External Hardware Documentation and Resources¶

Information about hardware behavior comes from a mix of official and reverse-engineered sources.

Command buffers¶

NVIDIA open-gpu-doc repository is official documentation from NVIDIA that has been released to the public. The majority of this documentation comes in the form of class headers which describe the class state registers.

NVIDIA open-gpu-kernel-modules repository is the open-source kernel mode driver that NVIDIA ships on Turing+ GPUs with GSP. The code here can provide examples of how to use some hardware features. If open-gpu-doc is missing a class header, sometimes there will be one here.

Reverse-engineered command names from envytools are available in mesa under eg. src/gallium/drivers/nouveau/nvc0/nvc0_3d.xml.h. These are no longer updated. nvk instead uses the open-gpu-doc headers

envyhooks is the modern way to dump command sequences from the proprietary driver

nv_push_dump is part of mesa and can disassemble command sequences (build with -D tools=nouveau, run src/nouveau/headers/nv_push_dump from the build dir)

Shader ISA¶

NVIDIA PTX documentation is NVIDIA documentation for CUDA’s intermediate representation. We don’t use PTX directly, but this often has hints about how underlying hardware instructions work. For example, the PTX redux instruction is pretty much identical to the hardware instruction of the same name.

CUDA Binary Utilities is documentation for CUDA’s disassembler, nvdisasm. It includes a brief description of most hardware instructions. There’s also an older version that has older architectures (Kepler through Volta).

Kuter Dinel has reverse-engineered instruction encodings for the Hopper ISA and Ada ISA which are autogenerated from his nv_isa_solver project.

nv-shader-tools has some additional tools for disassembling and fuzzing the hardware ISA

Mel has dumped a list of avaiable instructions and their opcodes on recent architectures by scraping nvdisasm error messages.

The Volta whitepaper section “Independent Thread Scheduling” has an overview of the control flow model used on Volta+ GPUs.

Dissecting the NVidia Turing T4 GPU via Microbenchmarking has reverse-engineered info about the Turing instruction encoding. See especially section “2.1 Control information” for an overview of compiler-inserted delays and waits on Maxwell and later.

Analyzing Modern NVIDIA GPU cores has additional reverse-engineered info about the semantics of compiler-inserted delays and waits.

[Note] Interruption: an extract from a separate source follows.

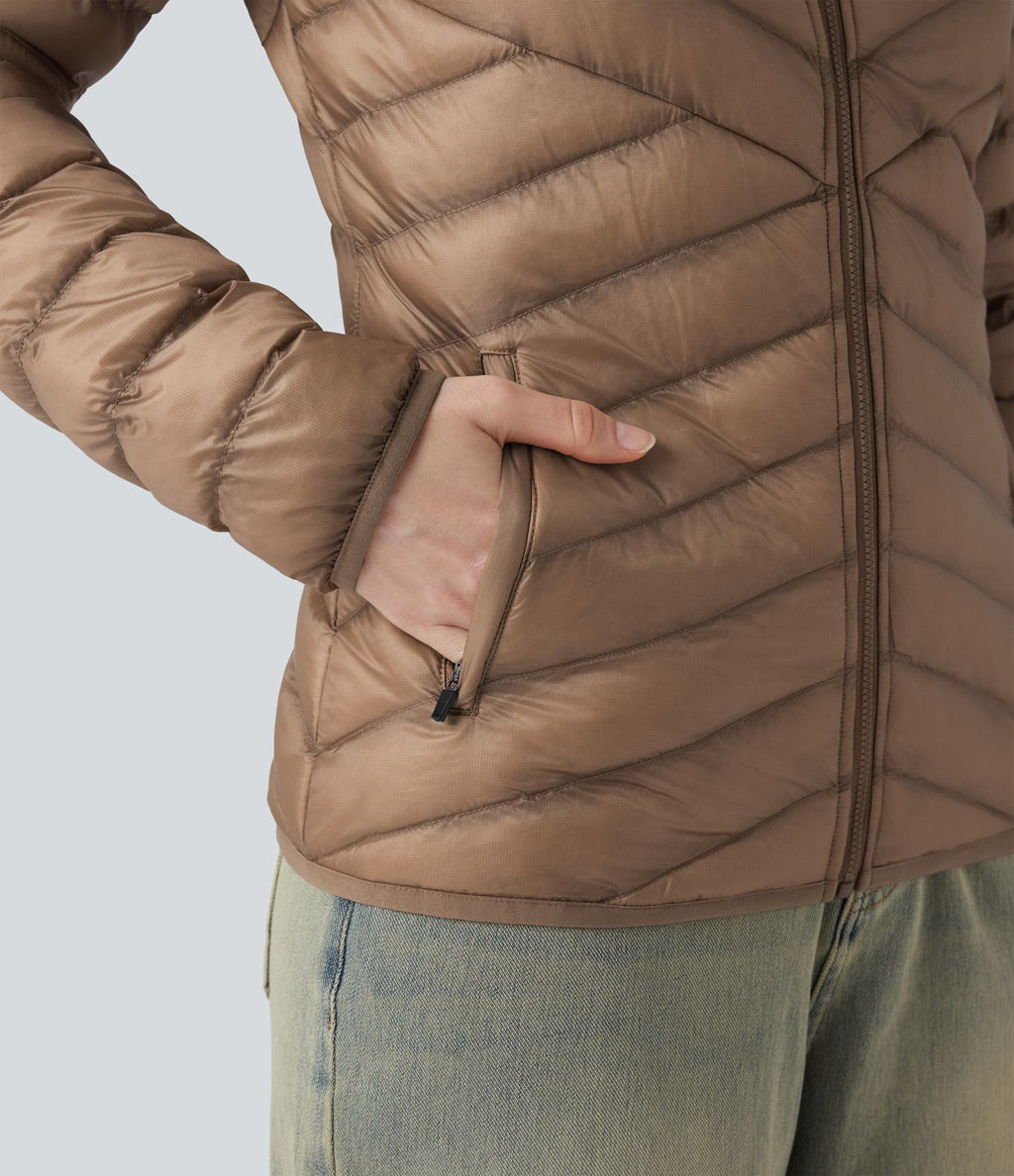 Veste casual compactable en duvet synthétique zippée à col montant et manches longues avec poches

Control Flow Management in Modern GPUs has more detail about control flow reconvergence on Volta+

maxas has some reverse-engineered info on the Maxwell ISA

asfermi has some reverse-engineered info on the older Fermi ISA

Red Hat has some NDA’d documentation on instruction latencies from NVIDIA. Bother karolherbst or airlied on irc if you’re missing a latency class for an instruction on recent architectures.

Behavior of instructions are tested using the hardware tests in src/nouveau/compiler/nak/hw_tests.rs and the corresponding Foldable implementations in src/nouveau/compiler/nak/ir.rs (build with -D build-tests=true and run src/nouveau/compiler/nak hw_tests from the build dir)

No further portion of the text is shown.